In the late 1970s, New York City was electrified and petrified by a serial killer who snuck up on people sitting in parked cars and shot them; most of his victims were women. A new documentary, The Lost Tapes: Son of Sam, gives you a vivid sense of what it was like to live in Manhattan or the Bronx in those days, wondering whether the man who signed his letters “Son of Sam” was going to creep up behind you with his trademark .44 caliber pistol.
We now know that Son of Sam was David Berkowitz, a postal worker who claimed that a demonic spirit named Sam spoke to him through his neighbor’s dog. Dubbing himself Son of Sam, Berkowitz made himself into a media figure by sending messages to the police and the public, taking credit for some of the killings and warning that he’d soon do it again. The killer sent Jimmy Breslin, then a star columnist for The New York Daily News, a letter that was not without some small literary merit. It began, “Hello from the gutters of N.Y.C., which are filled with dog manure, vomit, stale wine, urine, and blood.”
This bloody saga is made vivid and engrossing by Smithsonian Channel’s The Lost Tapes series, which does something ever more valuable on television these days: It’s a true-crime show without voice-over narration and, most important, none of those awful dramatic recreations that make so much true-crime TV look cheap and unconvincing. The Lost Tapes method sounds simple — use local TV footage of man-and-woman-on-the-street interviews, press conferences, and period interviews with the principals — but it gives the resulting narrative a stinging authenticity.

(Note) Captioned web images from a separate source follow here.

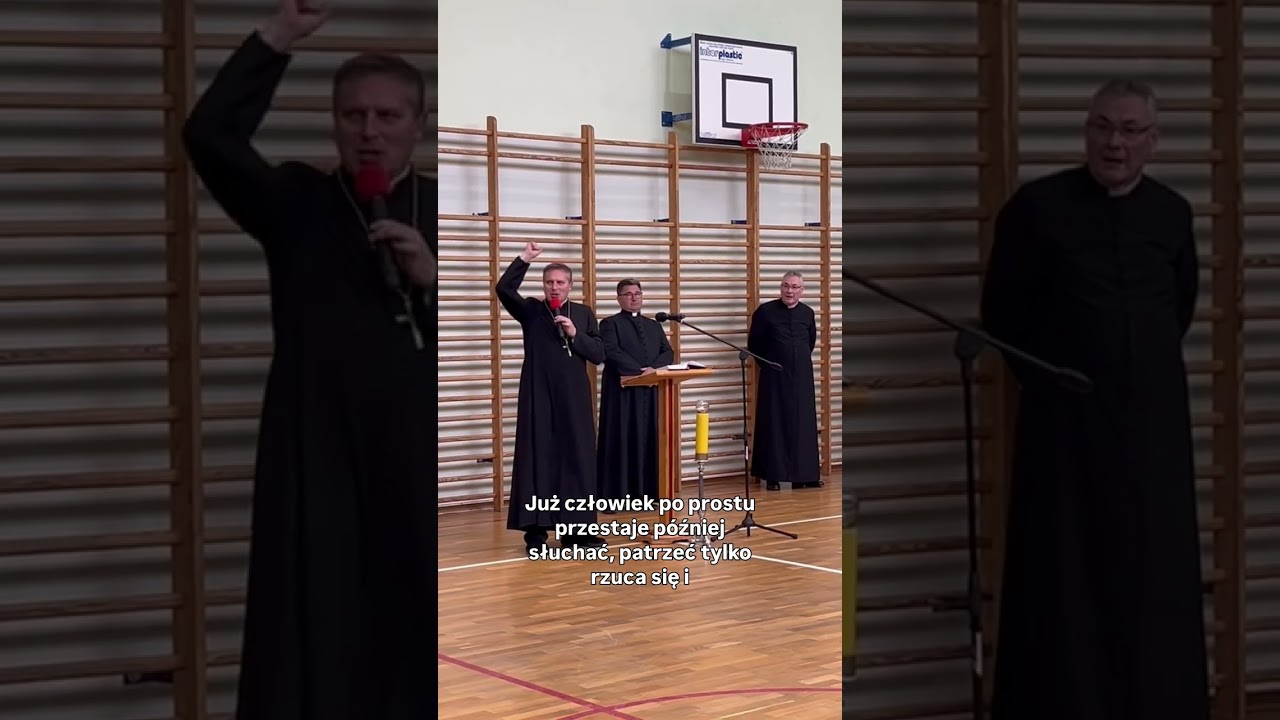 Ksiądz Biskup Piotr Przyborek w gdyńskim Katoliku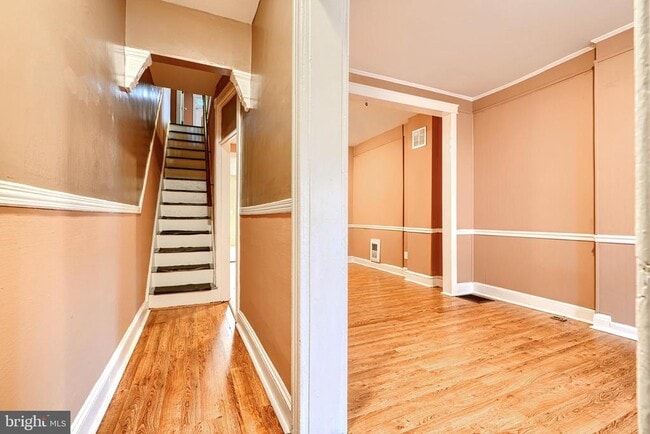 property at 2715 E Monument St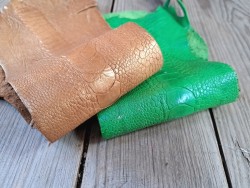 Peau de cuir de patte d'autruche- vert nacré/Caramel nacré - bijou - bracelet de montre - maroquinerie - Cuir en Stock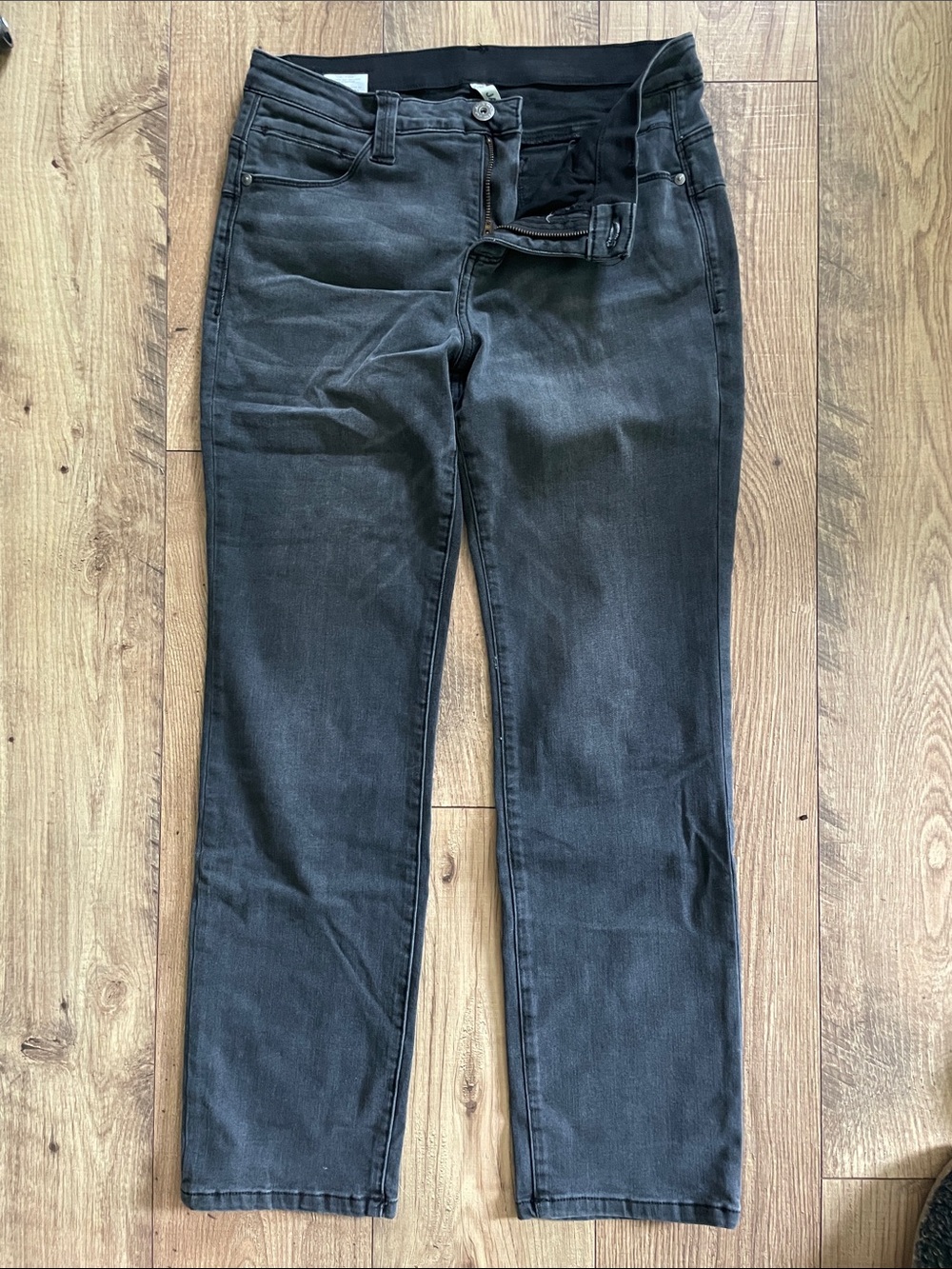 Jag Jeans Women's Straight Leg Jeans in Black Wash Medium Rise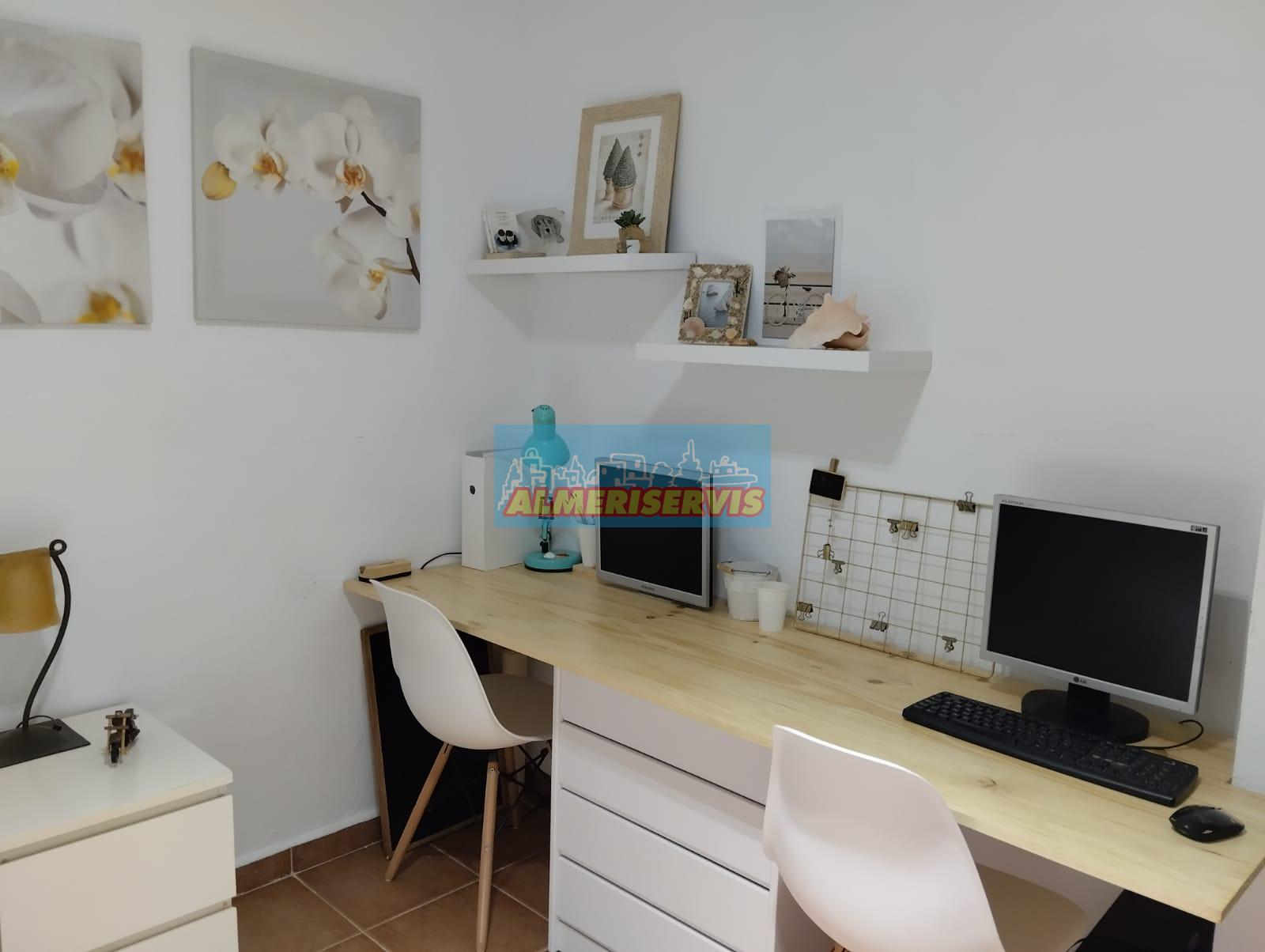 Köp av duplex i Almerimar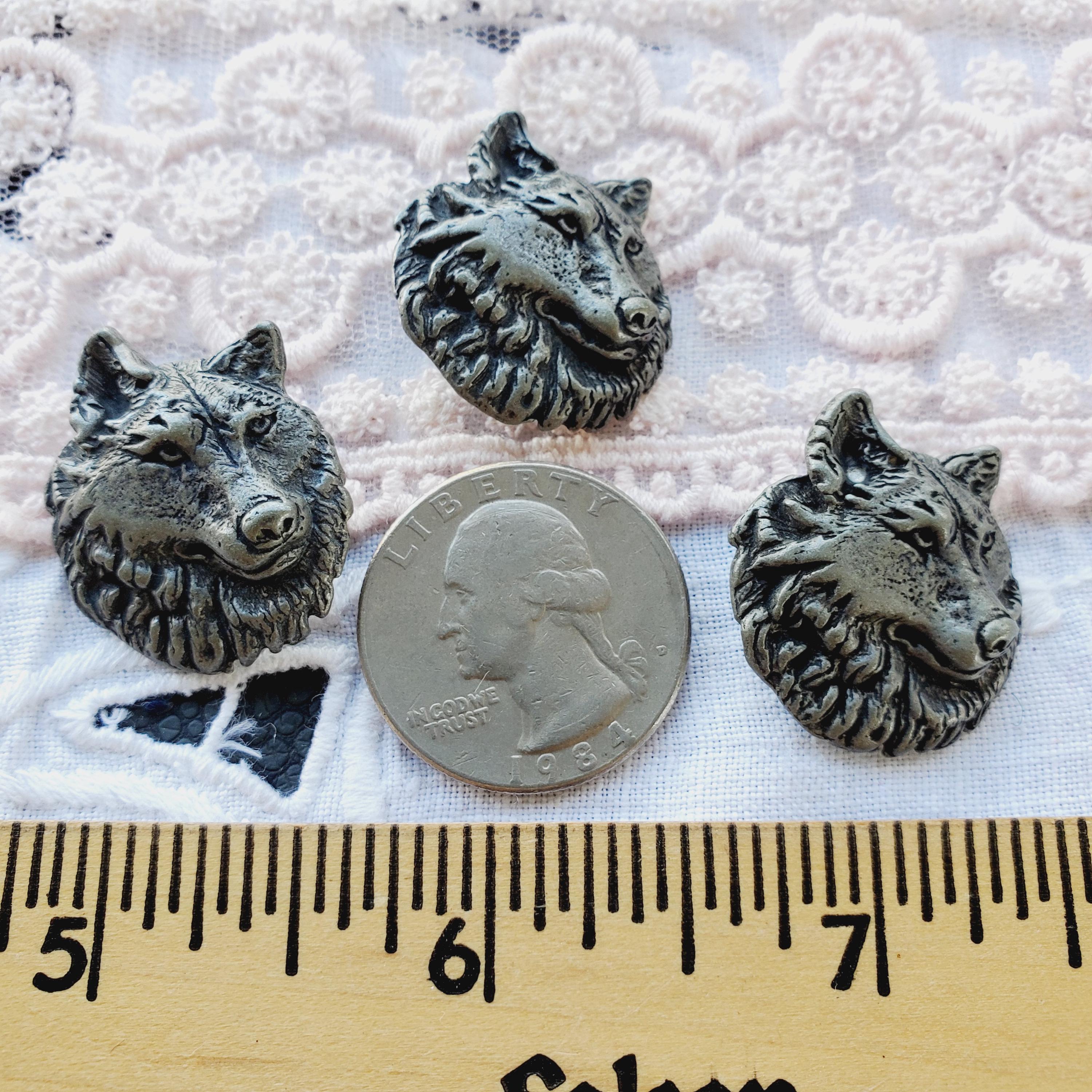 Amazing Metal Realistic Wolf Head Buttons Shank 25MM 1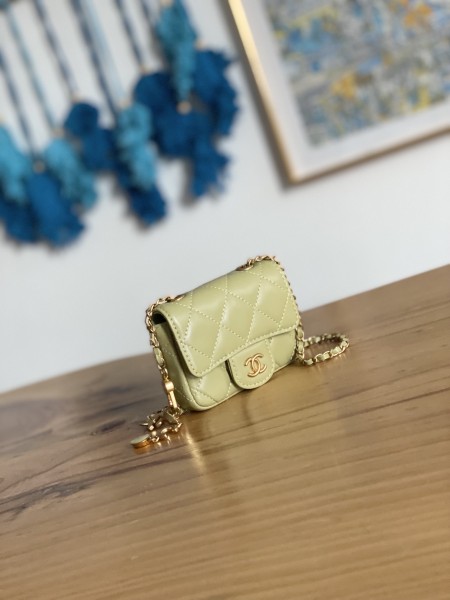 Handbag   Chanel  81227  size  11 cm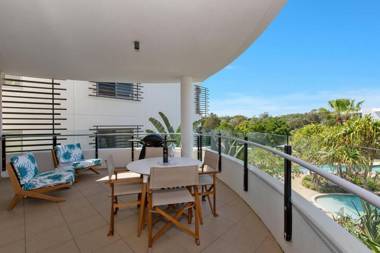 COTTON BEACH APARTMENT 35 - POOL VIEWS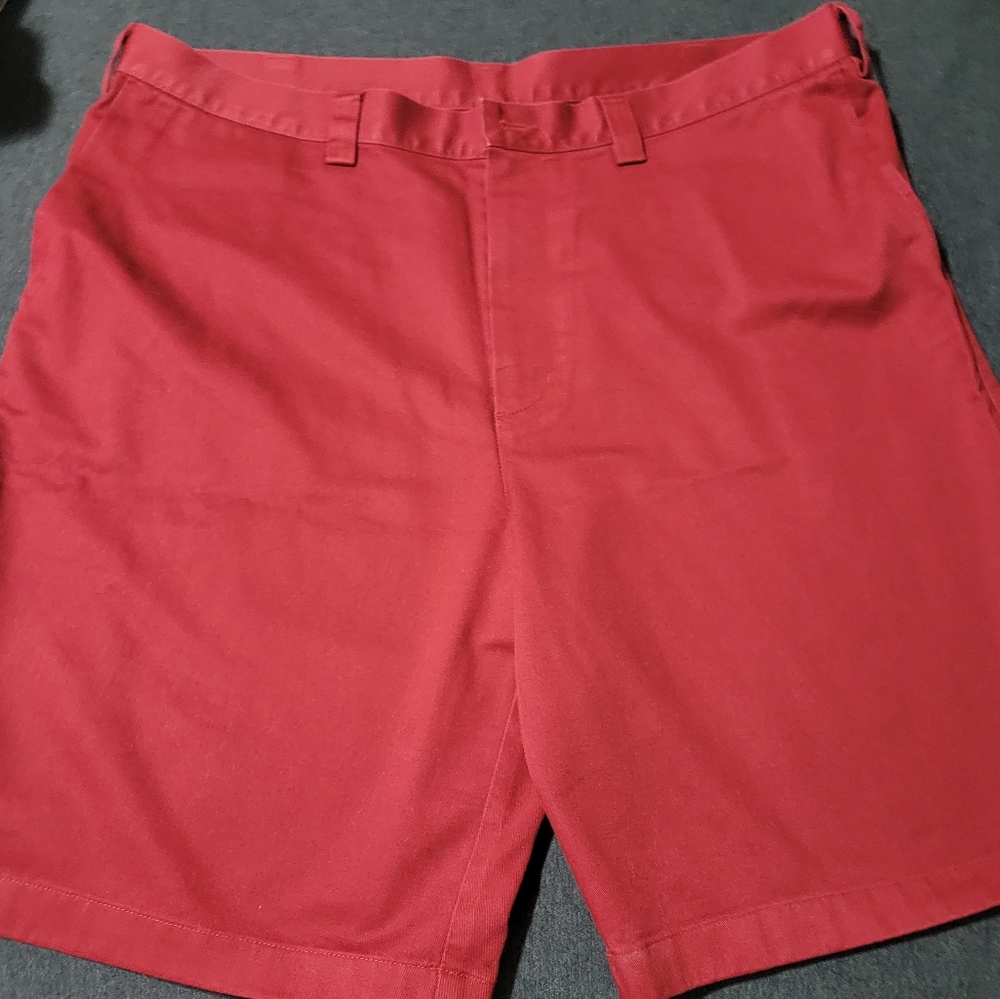 Red Ashworth men's khaki shorts, waist 40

For its Son of Sam entry premiering July 30, The Lost Tapes summons up the spirit the Manhattan media of the ’70s: the TV-news reports and newspaper coverage that was at once solid shoe-leather reporting and tabloid-exploitive rabble-rousing. Anyone who lived in New York City at the time will be pleased to see the faces of once-familiar reporters like Dick Schaap, Dave Marash, Geraldo Rivera when he was just beginning his career of exploiting tragedy for melodramatic self-promotion, and, above all, Jimmy Breslin, with his gravelly Queens accent and surly pugnaciousness. In that era, before the Internet leveled the playing field, a newspaper columnist like Breslin spoke to his readers in so intimate a way that even an addled murderer like Berkowitz understood that, if you wanted to scare the daylights out of the citizenry, your best bet was to get Breslin to serve as your mouthpiece. Breslin shared his Son of Sam communiques with the New York City Police Department, which had placed no fewer than 75 detectives on this one case full-time, to maintain contact with Berkowitz until the latter’s arrest in 1977.
Berkowitz is now in jail and in his 60s, an evangelical Christian who has re-named himself Son of Hope. Forty years on, pop culture has been overrun with serial-killer movies, TV shows, and books. (Spike Lee made a Son of Sam movie called Summer of Sam in 1999.) But if you want to know — to feel in your bones — the fear that gripped New York City 40 years ago, this Lost Tapes entry will probably send a shiver up your spine.
The Lost Tapes: Son of Sam airs Sunday at 9 p.m. on Smithsonian Channel.